• WHAT TO WORK ON
Everything in the data gets repeated exactly, except for the pictures.

• DATA SEGMENT

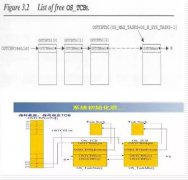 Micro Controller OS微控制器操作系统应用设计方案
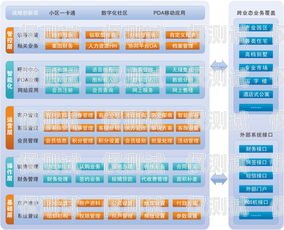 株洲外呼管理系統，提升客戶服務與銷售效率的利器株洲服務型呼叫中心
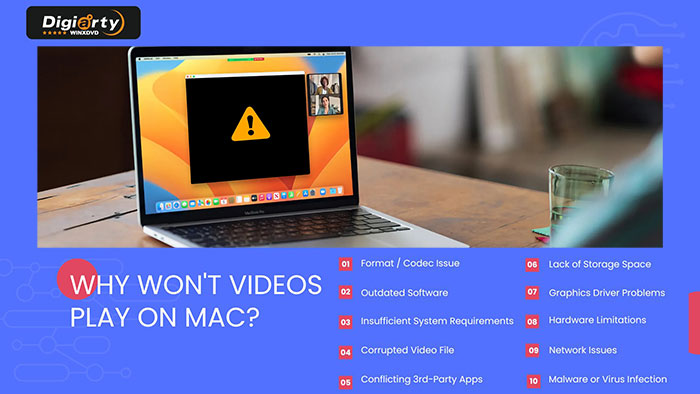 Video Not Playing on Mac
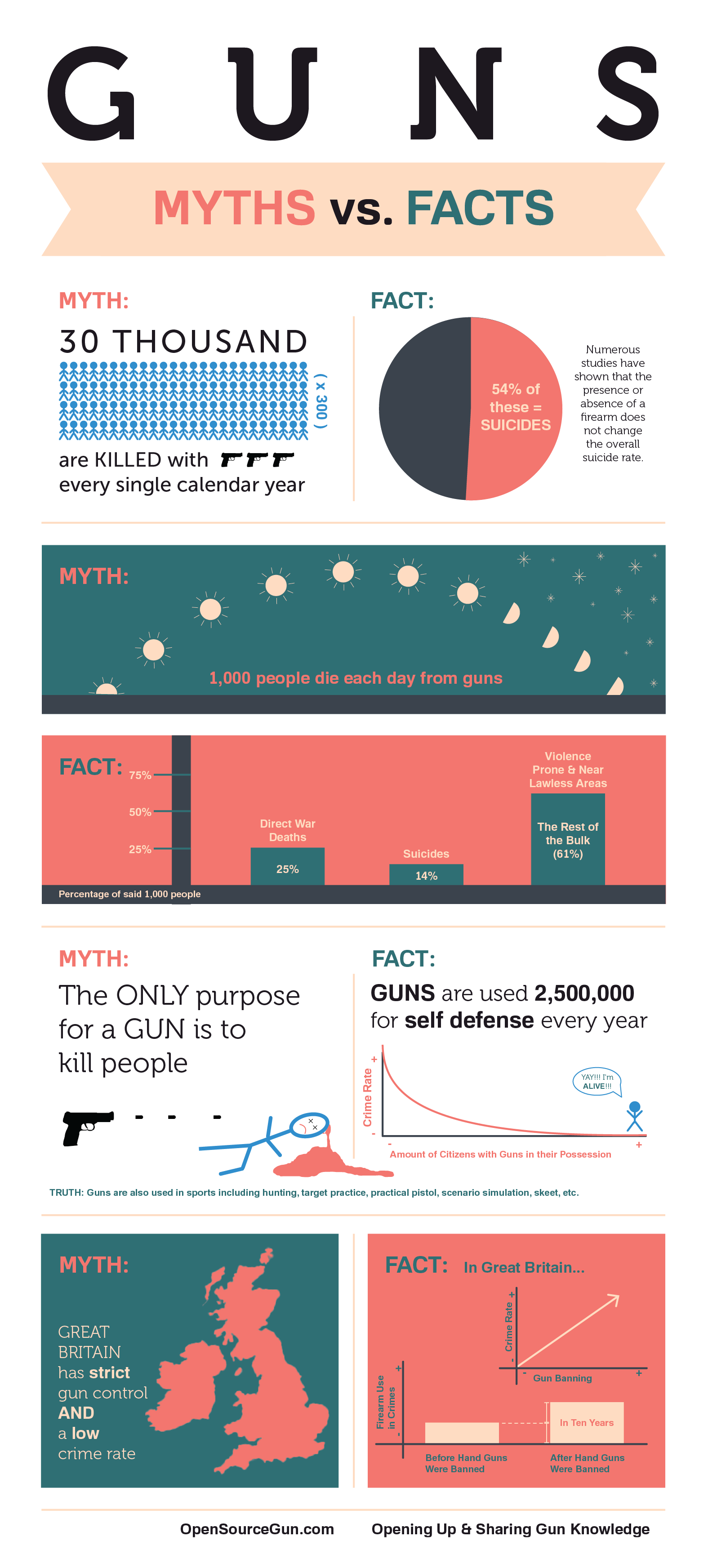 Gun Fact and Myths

• THE ANSWER
 Micro Controller OS微控制器操作系统应用设计方案
 株洲外呼管理系統，提升客戶服務與銷售效率的利器株洲服務型呼叫中心
 Video Not Playing on Mac
 Gun Fact and Myths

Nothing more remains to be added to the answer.